Input data —
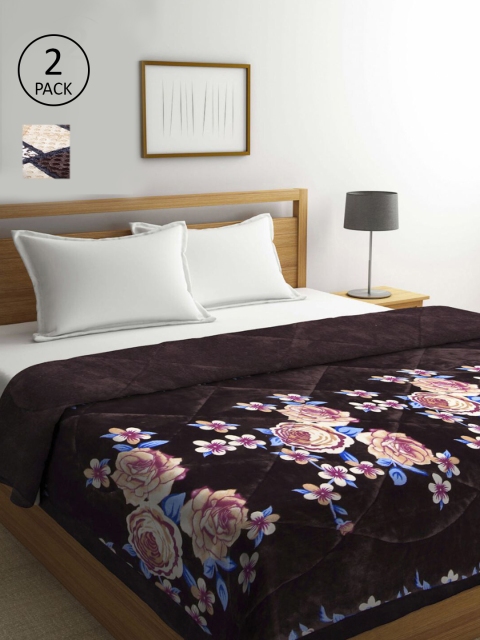 KLOTTHE Brown & Cream-Coloured Set of 2 Floral Heavy Winter Double Bed Quilt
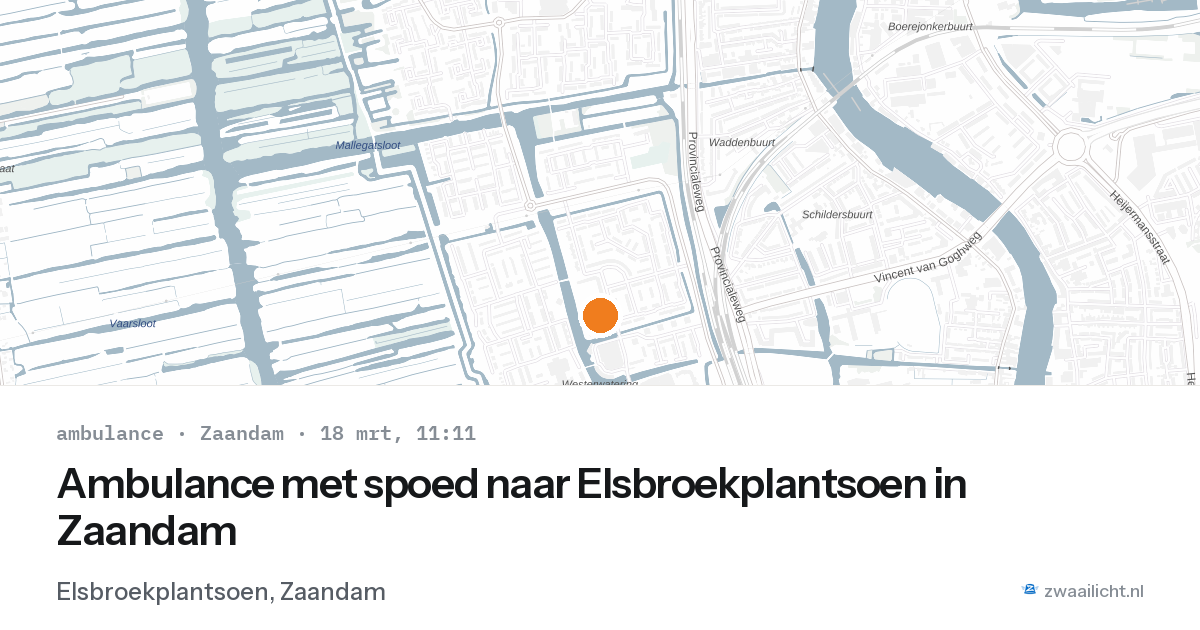 Ambulance met spoed naar Elsbroekplantsoen in Zaandam — 18 mrt 2026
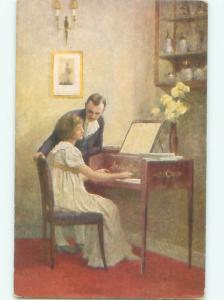 foreign Old Postcard MAN WATCHES WOMAN PLAY PIANO MUSIC AC3282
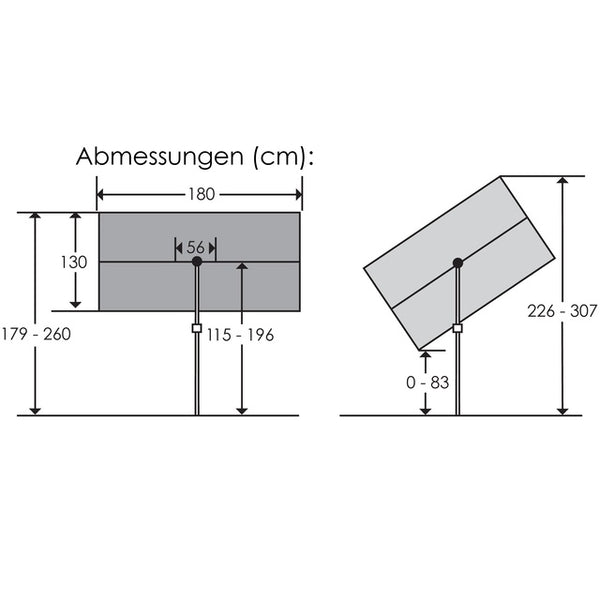 SCHNEIDER SCHIRME Sonnenschirm Avellino 180 x 130 cm höhenverstellbar 2 Farben - 10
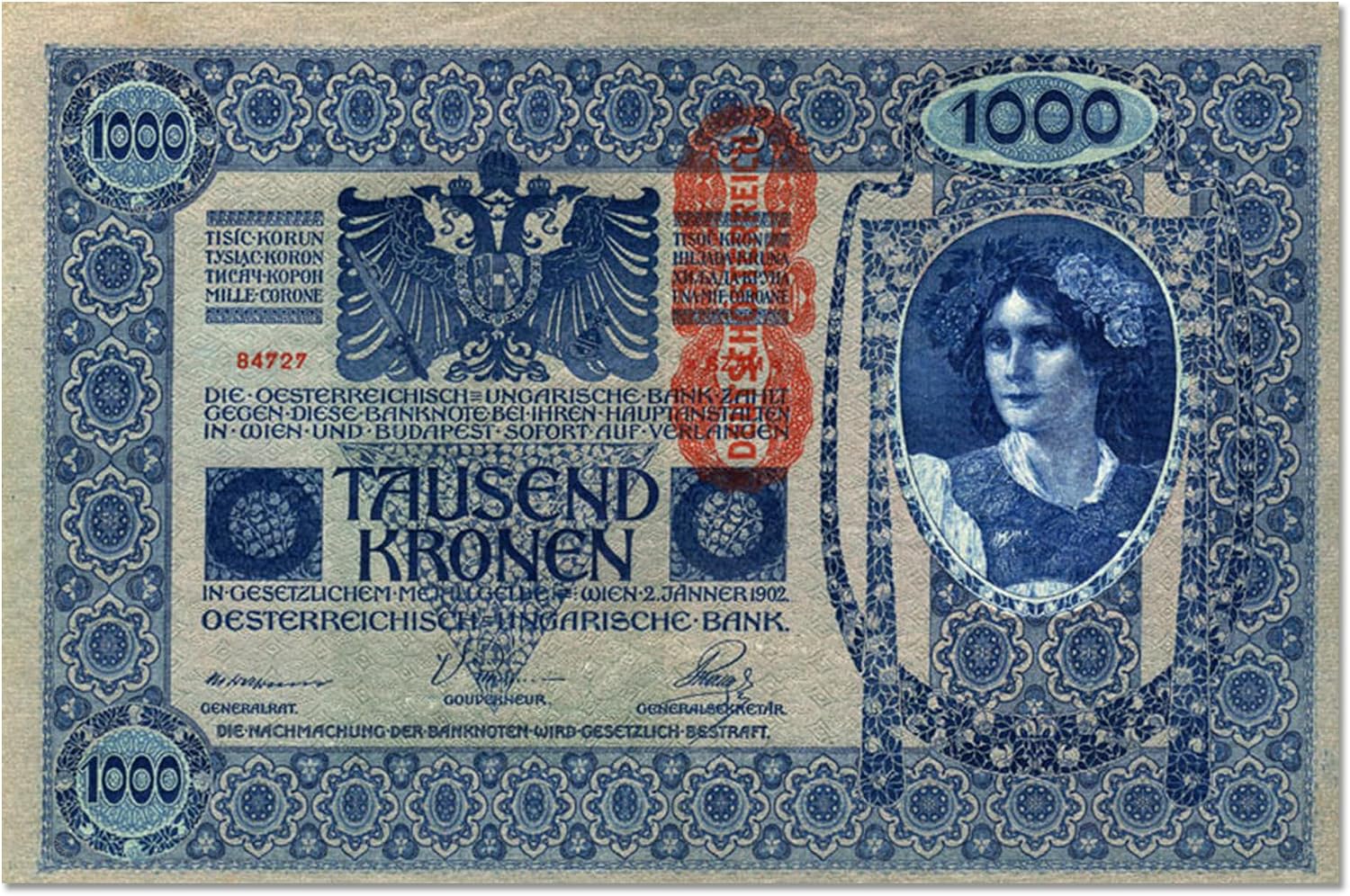 IMPACTO COLECCIONABLES World Paper Money: 9 Languages Banknote Issued by The Austro-Hungarian Empire 1902 - Collection with Old Banknotes and Complete Your Album Certificate of Authenticity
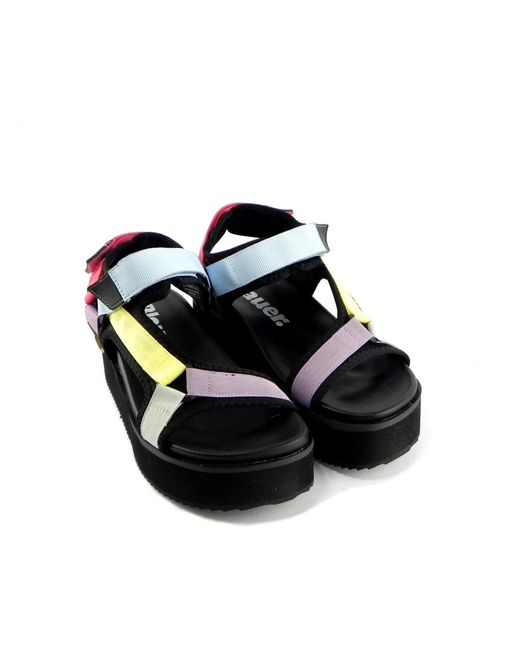 Blauer Black Flat Sandals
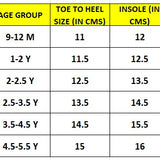 Table showing shoe size measurements in centimeters for different age groups and Euro sizes.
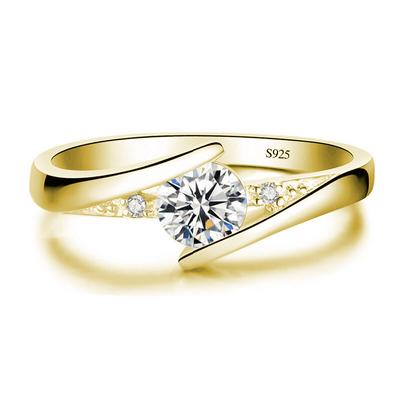 Niedlicher Damen Verlobungsring mit kleinem Zirkonstein, Vintage Gelbgold Farbe, Hochzeitsschmuck für Frauen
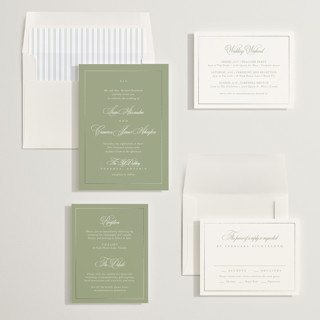 This is a garden foil stamped wedding invitations with foil pressed by Kelly Schmidt called greenwood printing on signature in standard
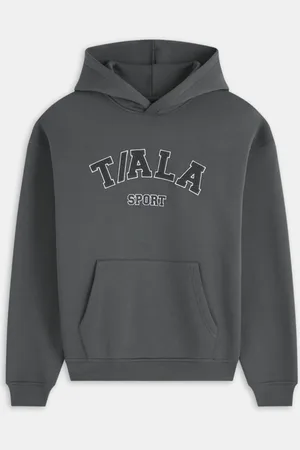 Tala Grey Oversized Volley Hoodie with Fleece S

To do —
Write out the listing above in full, word for word, with no pictures.

Answer for the task —
 KLOTTHE Brown & Cream-Coloured Set of 2 Floral Heavy Winter Double Bed Quilt
 Ambulance met spoed naar Elsbroekplantsoen in Zaandam — 18 mrt 2026
 foreign Old Postcard MAN WATCHES WOMAN PLAY PIANO MUSIC AC3282
 SCHNEIDER SCHIRME Sonnenschirm Avellino 180 x 130 cm höhenverstellbar 2 Farben - 10
 IMPACTO COLECCIONABLES World Paper Money: 9 Languages Banknote Issued by The Austro-Hungarian Empire 1902 - Collection with Old Banknotes and Complete Your Album Certificate of Authenticity
 Blauer Black Flat Sandals
 Table showing shoe size measurements in centimeters for different age groups and Euro sizes.
 Niedlicher Damen Verlobungsring mit kleinem Zirkonstein, Vintage Gelbgold Farbe, Hochzeitsschmuck für Frauen
 This is a garden foil stamped wedding invitations with foil pressed by Kelly Schmidt called greenwood printing on signature in standard
 Tala Grey Oversized Volley Hoodie with Fleece S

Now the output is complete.